Initial Thoughts and Ideas – Self Branding

I started by thinking about how I want to display myself to the design world aswell potential future clients. I also needed to think about how I might symbolise and summerize my personality in a small, simple yet impactful way. Below is a mind map I produced demonstrating my thought process.

One particular aspect of design I love is photography and feel this should feature prominently in my logo. I thought about the key compents that make photography possible. I sketched ideas in order to visulise quickly and clearly.

 Something that stood out for me was apeture. I love the design element of the shutter of thr camera. The blades have such a dynamic look to them, and is quite easily recognised by fellow photographers and designers.

After finishing my celebrity branding, I learnt how difficult it is to design and align with irregular shapes. I felt these strong geometric shapes such as the circle and polygon, will align well with text and give structure and order to the design. 

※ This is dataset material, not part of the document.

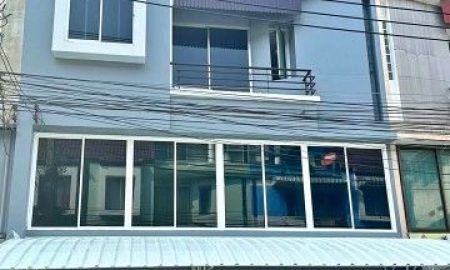 ให้เช่าทาวน์เฮาส์ - โรงเหล้าแสงจันทร์ เอกมัย-รามอินทรา 355ม. 5นอน ลาดพร้าว 76-82 วังทองหลาง ให้เช่าโฮมออฟฟิศ 4 ชั้น 5น้ำ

I started to sketch out layouts of texts and how they may look on a business card. This was a great exersize as I could quickly see what would and wouldnt work. I thought about typefaces I may use, justifying why and where im using them.

Styles of Business Cards

I wanted to look at different styles of business card to generate ideas on the layout and design, and how all the different elements can be displayed clearly and systematically.

I really like the styling used below. The logo is in a street graffiti style, which has connotations of rebellion and  contradiction to societies beliefs. To add contrast, the designer has used a bold, contemporary sans serif typeface, and uses block capitals which is something that I haven’t seen before. Usually, the informative parts of information and displayed in a serif typeface to improve readability and connote formality.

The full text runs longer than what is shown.